### DIRECTIONS FOR THIS TASK
Reproduce the records below exactly as they appear, omitting any pictures they contain.

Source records
---------------

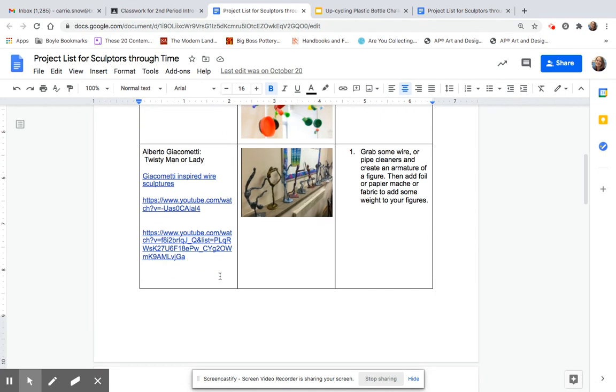Here's how to make a figure sculpture like Alberto Giacometti. You can make one of his twisty ladies or men. And here's some links to some different instructional videos.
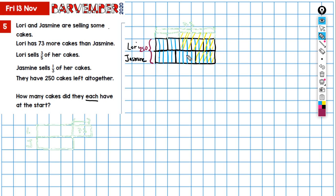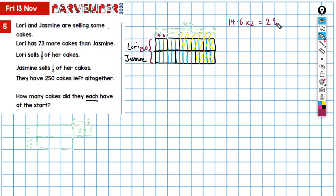Now we have a way of working out the value of each block. We need to find one-fifth of 73: 73 divided by 5 gives us 14.6. So each of these little green blocks is worth 14.6. We have two of those remaining, so 14.6 times 2 equals 29.2.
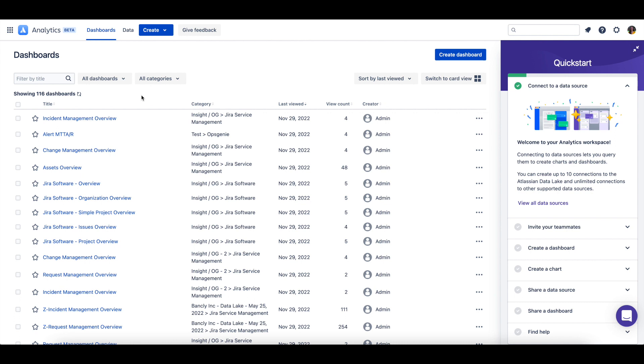When a user opens Atlassian Analytics, they are brought to the Dashboards page. On the Dashboards page, there are a few different views you can use to see the dashboards you have access to.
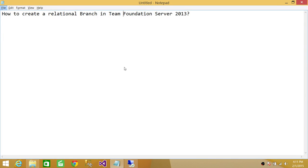Welcome to Tech Brothers. In this video, we're going to learn how to create a relational branch in Team Foundation Server 2013.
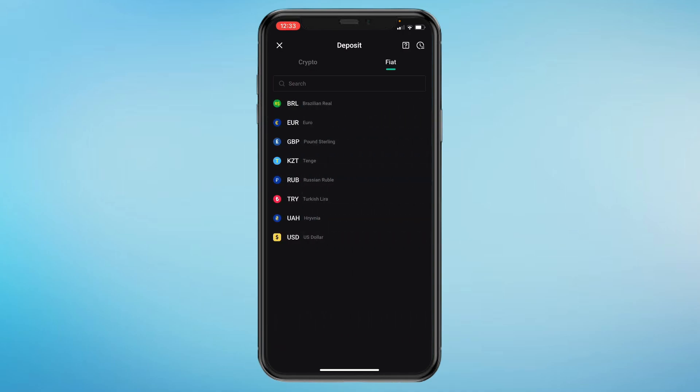And select your currency that you want to deposit your money in. So let's say you want to deposit in Euro.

---------------

### EXERCISE ANSWER
Here's how to make a figure sculpture like Alberto Giacometti. You can make one of his twisty ladies or men. And here's some links to some different instructional videos.
Now we have a way of working out the value of each block. We need to find one-fifth of 73: 73 divided by 5 gives us 14.6. So each of these little green blocks is worth 14.6. We have two of those remaining, so 14.6 times 2 equals 29.2.
When a user opens Atlassian Analytics, they are brought to the Dashboards page. On the Dashboards page, there are a few different views you can use to see the dashboards you have access to.
Welcome to Tech Brothers. In this video, we're going to learn how to create a relational branch in Team Foundation Server 2013.
And select your currency that you want to deposit your money in. So let's say you want to deposit in Euro.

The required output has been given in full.